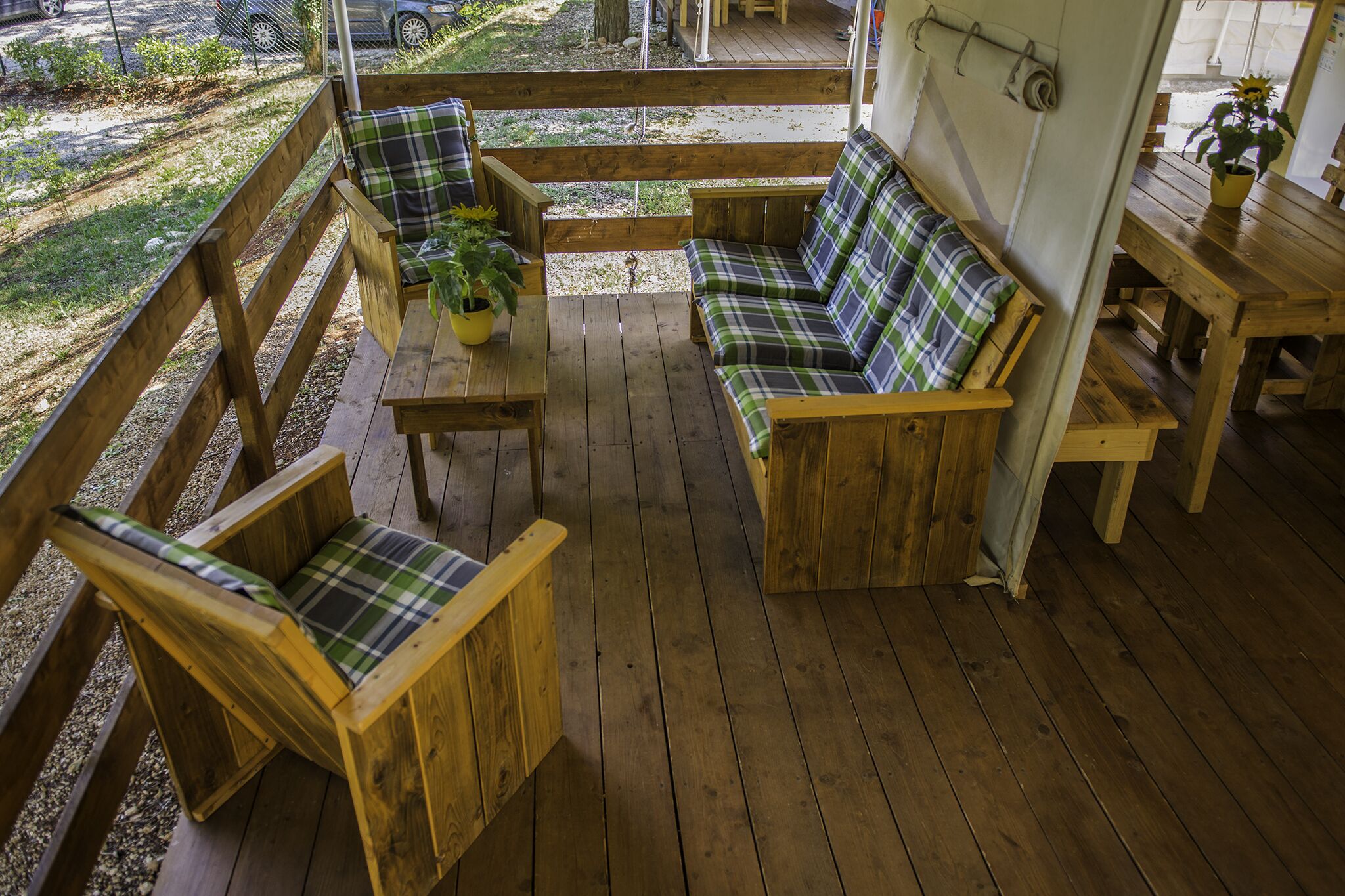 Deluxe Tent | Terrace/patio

◇ ◇ ◇

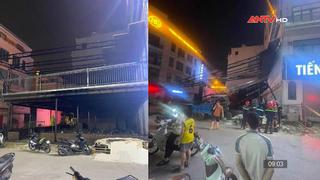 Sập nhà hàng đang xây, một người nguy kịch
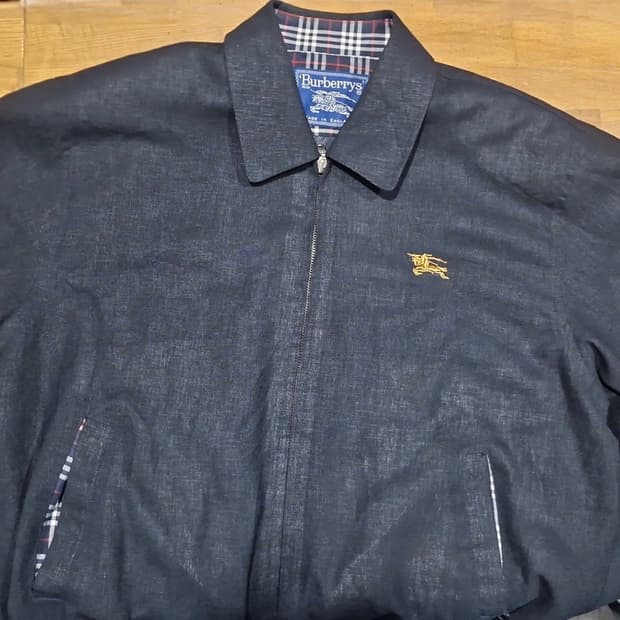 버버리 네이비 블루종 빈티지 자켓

◇ ◇ ◇

Above are records; repeat only the lines from the line with "Sập nhà hàng đang xây, một người nguy kịch" through the line with "버버리 네이비 블루종 빈티지 자켓", and leave pictures out.

 Sập nhà hàng đang xây, một người nguy kịch
 버버리 네이비 블루종 빈티지 자켓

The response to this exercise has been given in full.